* WORK ORDER:
Among the lines below, a stretch begins at the one with "[Aggregator] Downloaded image" and ends at the one with "LED Blinker NEW NANO". Repeat that stretch exactly, ends included.

* EXERCISE MATERIAL:
--- START ---
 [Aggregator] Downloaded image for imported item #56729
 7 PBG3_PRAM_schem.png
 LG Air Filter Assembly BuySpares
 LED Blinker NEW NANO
--- END ---
--- START ---
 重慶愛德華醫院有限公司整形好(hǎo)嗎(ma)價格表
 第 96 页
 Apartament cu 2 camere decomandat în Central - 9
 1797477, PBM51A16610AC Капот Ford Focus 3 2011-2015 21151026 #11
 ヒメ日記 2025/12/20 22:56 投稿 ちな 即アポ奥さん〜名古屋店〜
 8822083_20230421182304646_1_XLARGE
--- END ---
* SOLUTION TO THIS EXERCISE:
 [Aggregator] Downloaded image for imported item #56729
 7 PBG3_PRAM_schem.png
 LG Air Filter Assembly BuySpares
 LED Blinker NEW NANO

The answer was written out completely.